Finally, let us mention that sometimes the monotonicity constraints (1), (3) are relaxed somewhat in the sense that we only require it for elements x and y that are separated by a learning example. Stated otherwise, one only requires quasi-monotonicity w.r.t. the set $S_{X}$ [11,13]. If one does not want to make a distinction between the monotone and reversed preference situation, the weights for F_min and F_max should only depend on x (and not on ℓ). A simple way of achieving this is by counting the number of learning examples that are smaller or bigger than x. We define: $A_{\min} (x) = |{a \in S | a ⩽_{X} x}| and A_{\max} (x) = |{a \in S | x ⩽_{X} a}| .$ However, to avoid division by zero, we add, if not already present, the elements $〈 \min X, \min L 〉$ and $〈 \max X, \max L 〉$ to the collection of learning examples $(S, d)$ . These elements are very natural boundary conditions when trying to predict or reconstruct an order-preserving mapping from $X$ to $L$ (and this is exactly what the supervised ranking problem is). One now has the following proposition.

Proposition 2.4 Let $(S, d)$ be a collection of learning examples in which, if not already present, the elements $〈 \min X, \min L 〉$ and $〈 \max X, \max L 〉$ are added. The associated stochastic training data set is $(S_{X}, \hat{F} *)$ . The mapping ${\tilde{F}}_{QM - OSDL}$ is defined as follows: (11) $\begin{matrix} {\tilde{F}}_{QM - OSDL} : X \times L & \to [0, 1] \\ (x, ℓ) & \mapsto \frac{A_{\min} (x) F_{\min} (x, ℓ) + A_{\max} (x) F_{\max} (x, ℓ)}{A_{\min} (x) + A_{\max} (x)} . \end{matrix}$ For all elements x of $X$ the mapping ${\tilde{F}}_{QM - OSDL} (x, \cdot) : L \to [0, 1]$ belongs to $F_{cum} (L)$ . Moreover, the partial mapping $\begin{matrix} {\tilde{F}}_{QM - OSDL} (\cdot, \cdot) : (X, ⩽_{X}) & \to (F_{cum} (L), ⪯_{FSD}) \\ x & \mapsto {\tilde{F}}_{QM - OSDL} (x, \cdot) \end{matrix}$ is quasi-monotone w.r.t. $S_{X}$ .

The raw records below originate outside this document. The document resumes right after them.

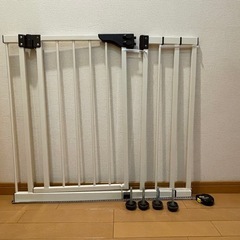 【交渉中】ベビーゲート【¥相談可】　対応幅約65〜85cm　の画像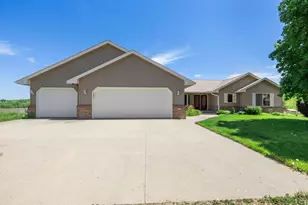 440 Kuntz Dr, Independence, MN 55359 - Photo 1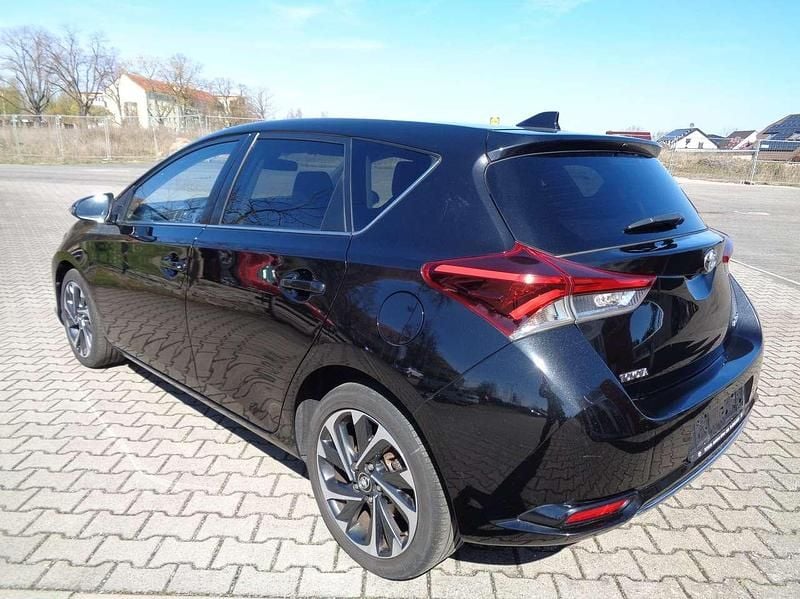Gebraucht Toyota Auris Design 116 PS (85 kW) 2016 Black mica / ink Limousine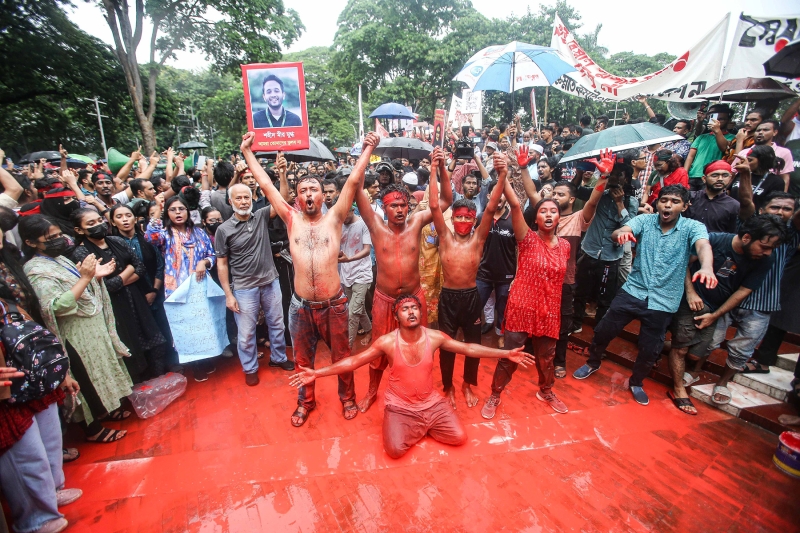 Протесты в Бангладеш и отставка премьера. Фоторепортаж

3. Implementation of the propositions

3.1. Pseudo code of the two phases

Given a collection of learning examples $(S, d)$ , the first phase in any classification algorithm involves building the classifier. In the case of the various OSDL variants, this is not too difficult as it simply involves the estimation of the CDFs $\hat{F}$ . As the propositions assume the maximum likelihood estimation $\hat{F} *$ , this is what we will use in the implementation as well. The pseudo code of this first phase is given as the method buildClassifier in the top part of Algorithm 1. The fact that this first phase is quite simple explains why we have previously termed algorithms resulting from the aforementioned framework as instance-based.

In this code, a Map represents an implementation of an associative array as a hash table. An associative array maps or binds keys to values. In this case, the keys are elements of the data space $X$ , while the values are e.g. frequency counts of the labels, or elements of $F_{cum} (L)$ . We assume that the implementation of the map is such that retrieval and insertion of key/value pairs both have amortised constant time complexity (ignoring the time to compute the hash code).

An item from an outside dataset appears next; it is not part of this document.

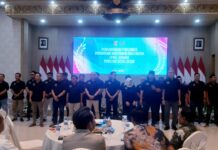 Pengukuhan Pengurus PWI Jember Periode 2025-2028 di Pendapa Wahyawibawagraha Jember. Bongkah.id/Muhammad Hatta/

In practice, we must attach a hash code to each element of $X$ . An arbitrary element of $X$ consists of a vector of criterion values, i.e. $x = (c_{1} (x), c_{2} (x), \dots, c_{n} (x))$ , where each c_i(x) is measured on an ordinal scale $X_{i}$ . Let $s_{i} : X_{i} \to \{0, 1, \dots, | X_{i} | - 1\}$ be the unique increasing mapping that identifies $X_{i}$ with the first $| X_{i} |$ natural numbers. For simplicity, we denote s_i(c_i(x)) as x_i. We now interpret x as a number represented in a mixed radix system [8, Section 4.1]: $[\begin{matrix} x_{n}, x_{n - 1}, \dots, x_{1} \\ | X_{n} |, | X_{n - 1} |, \dots, | X_{1} | \end{matrix}] \equiv x_{1} + x_{2} | X_{1} | + x_{3} | X_{1} | | X_{2} | + \dots + x_{n} | X_{1} | \dots | X_{n - 1} | = x_{1} + | X_{1} | (x_{2} + | X_{2} | (x_{3} + \dots + x_{n} | X_{n - 1} |)) .$ This yields an increasing bijection between $X$ and the set of natural numbers smaller than $| X |$ , and for each element of $X$ the corresponding hash code is calculated in $O$ (n) time, where n denotes the number of criteria.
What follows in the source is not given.